Short web captions:

__________________________________________________

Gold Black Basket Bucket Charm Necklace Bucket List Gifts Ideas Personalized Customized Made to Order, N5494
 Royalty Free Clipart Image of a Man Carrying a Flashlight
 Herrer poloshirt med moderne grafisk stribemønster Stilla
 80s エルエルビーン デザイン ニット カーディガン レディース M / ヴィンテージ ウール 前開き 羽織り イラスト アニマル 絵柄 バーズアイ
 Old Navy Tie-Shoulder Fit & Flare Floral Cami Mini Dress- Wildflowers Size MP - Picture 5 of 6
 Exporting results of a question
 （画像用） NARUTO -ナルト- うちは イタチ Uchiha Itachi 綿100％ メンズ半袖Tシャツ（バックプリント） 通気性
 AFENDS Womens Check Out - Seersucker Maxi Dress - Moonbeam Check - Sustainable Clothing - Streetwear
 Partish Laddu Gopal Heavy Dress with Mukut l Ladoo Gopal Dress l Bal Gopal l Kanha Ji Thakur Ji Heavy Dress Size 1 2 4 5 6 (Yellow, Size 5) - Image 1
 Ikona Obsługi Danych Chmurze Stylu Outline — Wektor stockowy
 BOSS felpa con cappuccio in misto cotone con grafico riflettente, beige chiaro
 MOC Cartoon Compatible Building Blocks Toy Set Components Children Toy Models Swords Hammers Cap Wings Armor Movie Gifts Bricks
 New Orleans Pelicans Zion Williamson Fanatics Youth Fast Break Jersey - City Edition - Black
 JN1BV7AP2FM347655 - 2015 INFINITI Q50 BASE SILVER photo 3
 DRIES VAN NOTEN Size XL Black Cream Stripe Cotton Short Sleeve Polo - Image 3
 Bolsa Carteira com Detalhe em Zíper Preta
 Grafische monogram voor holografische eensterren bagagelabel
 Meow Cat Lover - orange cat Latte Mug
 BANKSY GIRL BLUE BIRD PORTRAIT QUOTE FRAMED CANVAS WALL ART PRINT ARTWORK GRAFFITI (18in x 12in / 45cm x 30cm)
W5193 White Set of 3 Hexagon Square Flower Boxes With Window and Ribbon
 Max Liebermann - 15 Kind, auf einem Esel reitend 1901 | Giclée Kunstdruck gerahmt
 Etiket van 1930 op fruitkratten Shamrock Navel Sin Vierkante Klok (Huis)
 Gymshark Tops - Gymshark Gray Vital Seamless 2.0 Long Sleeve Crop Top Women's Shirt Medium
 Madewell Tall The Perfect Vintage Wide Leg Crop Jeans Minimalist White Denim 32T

__________________________________________________

What needs to be done. Full transcription, please: every entry, exactly as written.

Solution.
Gold Black Basket Bucket Charm Necklace Bucket List Gifts Ideas Personalized Customized Made to Order, N5494
 Royalty Free Clipart Image of a Man Carrying a Flashlight
 Herrer poloshirt med moderne grafisk stribemønster Stilla
 80s エルエルビーン デザイン ニット カーディガン レディース M / ヴィンテージ ウール 前開き 羽織り イラスト アニマル 絵柄 バーズアイ
 Old Navy Tie-Shoulder Fit & Flare Floral Cami Mini Dress- Wildflowers Size MP - Picture 5 of 6
 Exporting results of a question
 （画像用） NARUTO -ナルト- うちは イタチ Uchiha Itachi 綿100％ メンズ半袖Tシャツ（バックプリント） 通気性
 AFENDS Womens Check Out - Seersucker Maxi Dress - Moonbeam Check - Sustainable Clothing - Streetwear
 Partish Laddu Gopal Heavy Dress with Mukut l Ladoo Gopal Dress l Bal Gopal l Kanha Ji Thakur Ji Heavy Dress Size 1 2 4 5 6 (Yellow, Size 5) - Image 1
 Ikona Obsługi Danych Chmurze Stylu Outline — Wektor stockowy
 BOSS felpa con cappuccio in misto cotone con grafico riflettente, beige chiaro
 MOC Cartoon Compatible Building Blocks Toy Set Components Children Toy Models Swords Hammers Cap Wings Armor Movie Gifts Bricks
 New Orleans Pelicans Zion Williamson Fanatics Youth Fast Break Jersey - City Edition - Black
 JN1BV7AP2FM347655 - 2015 INFINITI Q50 BASE SILVER photo 3
 DRIES VAN NOTEN Size XL Black Cream Stripe Cotton Short Sleeve Polo - Image 3
 Bolsa Carteira com Detalhe em Zíper Preta
 Grafische monogram voor holografische eensterren bagagelabel
 Meow Cat Lover - orange cat Latte Mug
 BANKSY GIRL BLUE BIRD PORTRAIT QUOTE FRAMED CANVAS WALL ART PRINT ARTWORK GRAFFITI (18in x 12in / 45cm x 30cm)
W5193 White Set of 3 Hexagon Square Flower Boxes With Window and Ribbon
 Max Liebermann - 15 Kind, auf einem Esel reitend 1901 | Giclée Kunstdruck gerahmt
 Etiket van 1930 op fruitkratten Shamrock Navel Sin Vierkante Klok (Huis)
 Gymshark Tops - Gymshark Gray Vital Seamless 2.0 Long Sleeve Crop Top Women's Shirt Medium
 Madewell Tall The Perfect Vintage Wide Leg Crop Jeans Minimalist White Denim 32T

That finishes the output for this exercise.